Of course, after death, everyone feels comfortable airing dirty laundry. I think a lot of it is invented and exaggerated. Then again, I am not innocent of this sin, so who am I to judge? My Aunt became a nymphomaniac, drunken harlot. She divorced her husband, allegedly because she was not getting it on the regular, and she was prone to gambling money away. My grandfather became a drunken, verbally abusive bastard who wasted his cheques on video games. My grandmother became a manipulative woman, disapproving of my parent's marriage (Catholic + Baptist? No, no, no! Say it ain't so!), who was keen on twisting her children to her whims. My maternal grandmother, a manic-depressive kleptomaniac who refused medication (it was not proper to see a psychologist in the 40s and 50s, so she was undiagnosed except by her children) and mentally, emotionally, verbally abusive after the death of her husband. The kleptomania thing was certainly true though, she stole me a bunch of Pokemon toys when I was a kid. I know they were stolen, if only because of the sheer volume. She would steal me 10-12 packs of toys with several repeats. I know they were stolen because, well, my mother kept her wallet when she visited. I do not know why but it was a thing.

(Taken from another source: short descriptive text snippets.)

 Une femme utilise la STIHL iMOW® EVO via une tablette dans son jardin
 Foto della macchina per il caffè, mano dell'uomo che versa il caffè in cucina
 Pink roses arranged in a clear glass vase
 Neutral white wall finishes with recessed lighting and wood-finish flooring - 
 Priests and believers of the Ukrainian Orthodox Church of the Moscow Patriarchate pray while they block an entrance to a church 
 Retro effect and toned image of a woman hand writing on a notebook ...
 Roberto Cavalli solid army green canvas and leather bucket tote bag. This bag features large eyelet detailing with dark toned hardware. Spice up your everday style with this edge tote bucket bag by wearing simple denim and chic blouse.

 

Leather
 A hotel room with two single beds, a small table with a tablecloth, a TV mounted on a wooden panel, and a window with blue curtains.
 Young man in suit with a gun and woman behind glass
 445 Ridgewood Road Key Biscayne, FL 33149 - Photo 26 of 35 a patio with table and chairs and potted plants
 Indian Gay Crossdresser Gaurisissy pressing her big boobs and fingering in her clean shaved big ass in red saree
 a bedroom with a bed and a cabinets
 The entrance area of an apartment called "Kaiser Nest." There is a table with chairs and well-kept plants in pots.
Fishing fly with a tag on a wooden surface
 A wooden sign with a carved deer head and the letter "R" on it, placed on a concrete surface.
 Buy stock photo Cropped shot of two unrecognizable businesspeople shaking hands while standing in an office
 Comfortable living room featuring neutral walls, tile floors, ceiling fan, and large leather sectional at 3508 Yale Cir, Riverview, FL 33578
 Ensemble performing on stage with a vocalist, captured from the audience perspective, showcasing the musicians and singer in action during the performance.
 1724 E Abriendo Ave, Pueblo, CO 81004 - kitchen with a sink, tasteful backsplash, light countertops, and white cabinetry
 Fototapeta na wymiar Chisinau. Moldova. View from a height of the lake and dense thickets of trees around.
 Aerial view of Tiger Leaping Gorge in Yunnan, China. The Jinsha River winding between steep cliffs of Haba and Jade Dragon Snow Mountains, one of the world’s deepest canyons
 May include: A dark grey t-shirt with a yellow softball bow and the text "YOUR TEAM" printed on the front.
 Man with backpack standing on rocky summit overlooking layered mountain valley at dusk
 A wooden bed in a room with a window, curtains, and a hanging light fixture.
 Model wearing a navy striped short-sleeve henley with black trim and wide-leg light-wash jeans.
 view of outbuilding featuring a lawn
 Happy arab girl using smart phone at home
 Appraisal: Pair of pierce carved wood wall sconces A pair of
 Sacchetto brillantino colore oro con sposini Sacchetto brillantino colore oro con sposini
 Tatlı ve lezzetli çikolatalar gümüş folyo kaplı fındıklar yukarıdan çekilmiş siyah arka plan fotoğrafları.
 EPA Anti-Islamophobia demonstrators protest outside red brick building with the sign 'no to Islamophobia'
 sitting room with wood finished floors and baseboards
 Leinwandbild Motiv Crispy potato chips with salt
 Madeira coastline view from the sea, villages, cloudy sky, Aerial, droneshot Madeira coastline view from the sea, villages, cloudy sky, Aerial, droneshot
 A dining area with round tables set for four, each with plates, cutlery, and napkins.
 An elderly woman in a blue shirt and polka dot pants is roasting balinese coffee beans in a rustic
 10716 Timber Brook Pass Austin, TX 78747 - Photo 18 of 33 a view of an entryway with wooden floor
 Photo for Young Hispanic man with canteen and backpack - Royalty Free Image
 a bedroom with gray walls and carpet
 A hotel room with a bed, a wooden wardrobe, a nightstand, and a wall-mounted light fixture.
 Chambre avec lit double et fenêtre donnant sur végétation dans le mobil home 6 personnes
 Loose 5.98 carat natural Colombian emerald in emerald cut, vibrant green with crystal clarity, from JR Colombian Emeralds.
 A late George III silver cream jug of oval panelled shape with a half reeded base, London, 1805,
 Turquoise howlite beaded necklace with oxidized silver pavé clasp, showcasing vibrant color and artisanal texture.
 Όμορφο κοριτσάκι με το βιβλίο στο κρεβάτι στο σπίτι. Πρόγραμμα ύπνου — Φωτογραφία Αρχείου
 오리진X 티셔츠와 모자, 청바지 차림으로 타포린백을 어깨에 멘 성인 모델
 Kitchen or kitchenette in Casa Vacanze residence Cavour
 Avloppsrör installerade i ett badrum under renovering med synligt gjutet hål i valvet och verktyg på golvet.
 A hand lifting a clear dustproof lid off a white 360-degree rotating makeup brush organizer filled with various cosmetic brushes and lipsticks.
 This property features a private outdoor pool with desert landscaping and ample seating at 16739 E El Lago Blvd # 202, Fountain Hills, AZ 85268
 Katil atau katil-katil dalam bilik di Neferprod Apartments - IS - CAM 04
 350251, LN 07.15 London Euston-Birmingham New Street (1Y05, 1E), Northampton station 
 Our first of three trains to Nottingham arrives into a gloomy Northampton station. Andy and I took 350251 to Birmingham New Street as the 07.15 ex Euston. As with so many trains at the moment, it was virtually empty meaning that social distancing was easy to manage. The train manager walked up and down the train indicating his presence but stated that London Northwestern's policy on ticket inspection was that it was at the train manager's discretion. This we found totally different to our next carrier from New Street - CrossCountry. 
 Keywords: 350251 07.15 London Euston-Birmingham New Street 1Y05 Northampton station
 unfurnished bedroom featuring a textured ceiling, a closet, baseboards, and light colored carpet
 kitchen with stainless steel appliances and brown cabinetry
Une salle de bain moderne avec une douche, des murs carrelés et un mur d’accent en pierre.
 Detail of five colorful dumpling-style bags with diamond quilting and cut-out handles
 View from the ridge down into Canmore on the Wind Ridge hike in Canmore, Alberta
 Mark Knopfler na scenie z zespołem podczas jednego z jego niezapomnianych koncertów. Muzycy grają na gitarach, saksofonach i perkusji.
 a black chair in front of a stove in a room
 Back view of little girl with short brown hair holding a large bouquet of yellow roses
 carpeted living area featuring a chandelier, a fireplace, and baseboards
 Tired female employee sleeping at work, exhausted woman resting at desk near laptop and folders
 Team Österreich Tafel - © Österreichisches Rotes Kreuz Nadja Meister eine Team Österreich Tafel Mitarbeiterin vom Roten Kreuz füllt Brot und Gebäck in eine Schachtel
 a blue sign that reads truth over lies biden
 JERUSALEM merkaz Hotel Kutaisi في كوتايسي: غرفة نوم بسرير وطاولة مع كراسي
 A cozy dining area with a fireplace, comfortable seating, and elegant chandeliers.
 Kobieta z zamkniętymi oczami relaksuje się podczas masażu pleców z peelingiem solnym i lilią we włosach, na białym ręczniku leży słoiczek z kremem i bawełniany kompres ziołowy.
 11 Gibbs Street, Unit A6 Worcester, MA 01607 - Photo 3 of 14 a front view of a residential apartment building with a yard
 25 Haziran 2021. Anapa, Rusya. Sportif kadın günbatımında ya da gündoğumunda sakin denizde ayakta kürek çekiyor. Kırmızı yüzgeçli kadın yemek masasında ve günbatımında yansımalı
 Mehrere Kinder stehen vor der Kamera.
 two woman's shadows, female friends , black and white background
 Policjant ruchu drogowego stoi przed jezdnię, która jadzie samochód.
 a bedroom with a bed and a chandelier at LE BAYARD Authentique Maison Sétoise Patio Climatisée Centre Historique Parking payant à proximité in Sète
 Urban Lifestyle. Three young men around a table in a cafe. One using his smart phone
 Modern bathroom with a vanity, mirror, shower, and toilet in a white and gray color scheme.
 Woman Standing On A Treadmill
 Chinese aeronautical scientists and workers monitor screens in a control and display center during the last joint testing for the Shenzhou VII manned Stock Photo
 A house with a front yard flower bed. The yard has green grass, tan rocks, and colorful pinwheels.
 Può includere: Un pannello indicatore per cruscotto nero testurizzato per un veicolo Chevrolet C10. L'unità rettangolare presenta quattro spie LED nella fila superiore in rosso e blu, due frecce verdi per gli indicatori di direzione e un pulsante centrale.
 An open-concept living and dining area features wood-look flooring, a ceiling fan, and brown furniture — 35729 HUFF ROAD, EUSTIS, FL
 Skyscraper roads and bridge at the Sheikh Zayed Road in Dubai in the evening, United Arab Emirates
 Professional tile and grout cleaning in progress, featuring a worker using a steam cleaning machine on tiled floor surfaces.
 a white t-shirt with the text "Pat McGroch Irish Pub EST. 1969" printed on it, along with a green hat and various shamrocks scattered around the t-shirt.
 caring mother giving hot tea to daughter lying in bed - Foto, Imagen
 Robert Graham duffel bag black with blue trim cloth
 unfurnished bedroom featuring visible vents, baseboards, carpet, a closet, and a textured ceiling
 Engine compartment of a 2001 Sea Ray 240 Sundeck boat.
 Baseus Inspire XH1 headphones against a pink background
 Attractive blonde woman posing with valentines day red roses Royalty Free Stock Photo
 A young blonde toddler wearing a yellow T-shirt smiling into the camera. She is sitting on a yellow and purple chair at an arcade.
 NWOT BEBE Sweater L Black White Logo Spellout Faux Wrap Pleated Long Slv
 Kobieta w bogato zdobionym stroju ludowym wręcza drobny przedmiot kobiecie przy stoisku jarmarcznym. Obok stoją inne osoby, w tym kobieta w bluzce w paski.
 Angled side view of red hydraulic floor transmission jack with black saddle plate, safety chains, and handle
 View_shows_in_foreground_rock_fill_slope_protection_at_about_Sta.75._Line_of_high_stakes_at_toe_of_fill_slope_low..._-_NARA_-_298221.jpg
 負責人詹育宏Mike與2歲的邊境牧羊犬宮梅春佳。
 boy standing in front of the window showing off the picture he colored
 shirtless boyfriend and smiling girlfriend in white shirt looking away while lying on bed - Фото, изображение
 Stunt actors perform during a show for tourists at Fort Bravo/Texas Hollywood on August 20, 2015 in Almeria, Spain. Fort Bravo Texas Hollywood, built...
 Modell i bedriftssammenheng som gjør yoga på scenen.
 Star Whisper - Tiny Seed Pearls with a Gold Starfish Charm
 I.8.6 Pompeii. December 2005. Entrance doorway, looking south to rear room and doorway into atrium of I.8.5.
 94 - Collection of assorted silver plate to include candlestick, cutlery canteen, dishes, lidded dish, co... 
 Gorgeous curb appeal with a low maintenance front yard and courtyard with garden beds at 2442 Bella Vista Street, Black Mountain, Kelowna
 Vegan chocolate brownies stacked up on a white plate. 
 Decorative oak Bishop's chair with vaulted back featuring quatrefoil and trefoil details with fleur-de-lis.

My younger brother? Well his dead turned my heart to steel regarding a new younger brother. So, I treated my youngest with the most hostility I could muster, and our relationship remains tenuous to this day. I know I am simply mistreating him because of who he isn't, but I cannot bring myself to stop. It's terrible, really. I'll say something ridiculously sharp, and immediately know I have shaken him, but I will not apologize. At this point, my parents will not even interject, for fear of losing more children. They were once so keen on denying us things to show us how they were raised, how to make us better people, et cetera. Once the younger was lost, they began to satisfy whatever whim they could. I hate it, but I don't, and can't stop it.
What I am saying is, it has been a long time since someone's death has moved any part of me. In fact, I tend to look with more sadness as to how radically the people closest change rather than the radical change of a person no longer living.
Five minutes. Five stages. A few more, and I'll be just like Jack Donaghy and do all five in a second.